By Avalon Hendricks

I have a long history of chasing after happiness the same way a cat chases for its tail – consciously, knowing it is there, but subsequently, being full aware that sometimes the hardest things to attain are right in front of us. At our fingertips, we have exactly what we spend our whole lives desperately yearning to take a hold of. However, I think the chase of acquiring possession, longing for entitlement, or the brief and settle moments where we finally catch what we have been running in circles for, are all means of being human. Yet, we run after happiness as if we are not worthy nor deserving enough for it to be in our reach. But, we are. We deserve happiness just as much as we deserve goodness. We deserve internal peace, just as much as we deserve unconditional love. We deserve these things so much, sometimes we need to be reminded how close they truly are within our reach.

There was a time in my life where I felt undefeated when it came to this longing for this universal want for happiness. I saw this chase as nothing more than the walk back down from an uphill journey. As I would walk back down after finding happiness, it was nothing more than counting my footsteps and calculating just how far I will have to go until I am happy again. It was this temporary sensation that would linger on the outskirts of my heart and in the blood vessels of my body. But, I knew too well: all temporary things will be temporary unless we seek for permanence.

I was on a quest for more. I did not want to settle for temporary happiness – I wanted to settle for permanence. I deserved that. We deserve that.

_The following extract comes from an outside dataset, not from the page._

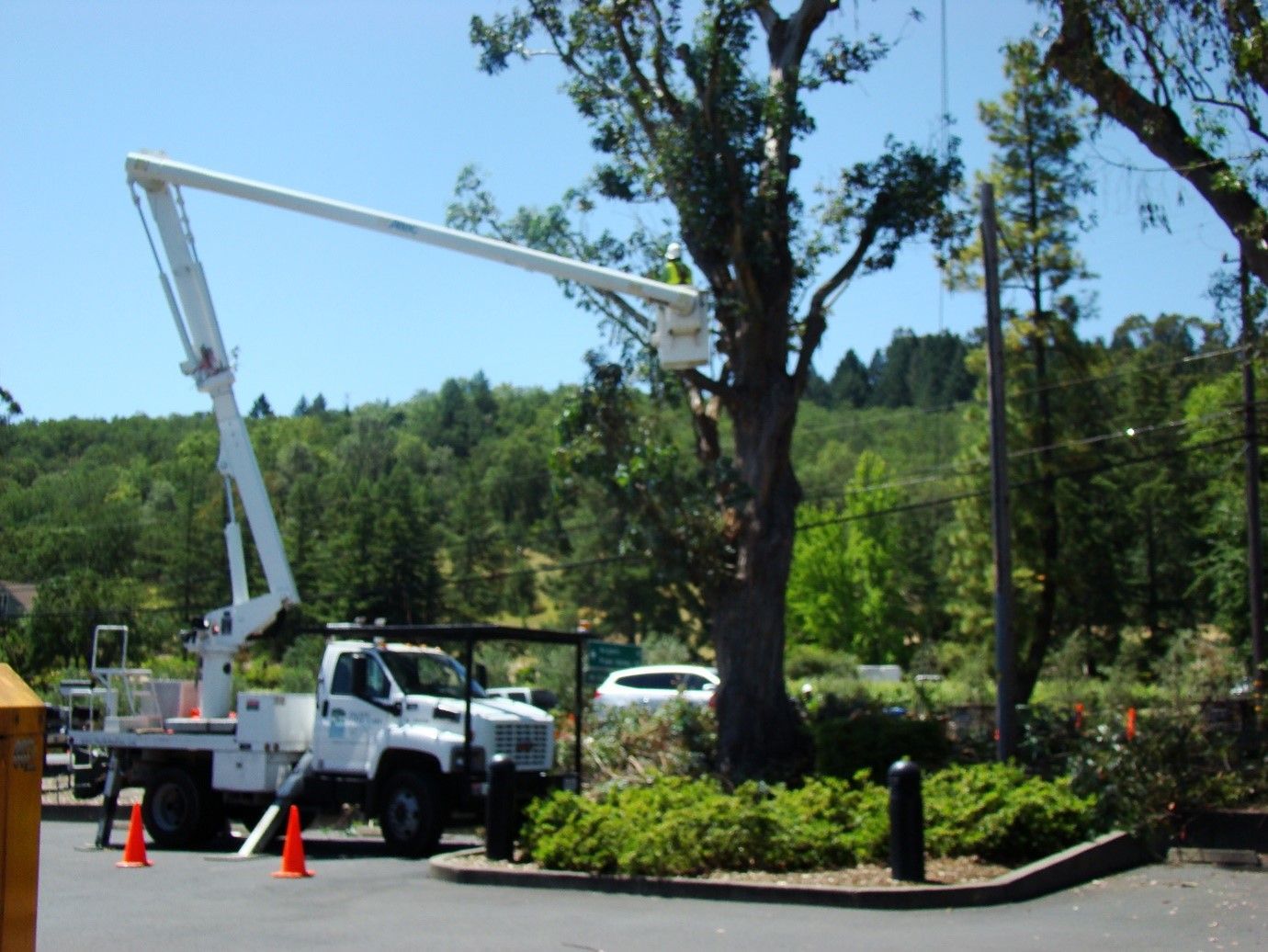 Tree Pruning — Calistoga, CA — Pacific Tree Care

When I finally had given up on this quest for happiness, I felt as if I had given up on a larger part of myself. I felt defeated. I felt as if I moving and being still at the same time. I felt the same way I feel when I dig my the soles of my feet into the sand on the shore of the ocean: subsequently, standing still but feeling my body move into the waves of the ocean.

Truthfully, I felt weak. I felt as if I was just outran by happiness. As I sat with this feeling of uncertainty, tossed and turned with it in the darkest hours of the night – I realized that I had finally made the boldest decision in the most vulnerable of times: letting go of seeing happiness as a destination on a map. Happiness is not point X on a map that needs to walked to, driven to, or flown miles to. Happiness is in the comfort of our own homes, in the moments that will forever sit still in our hearts, and in the cold winter air that we mindlessly inhale and exhale out.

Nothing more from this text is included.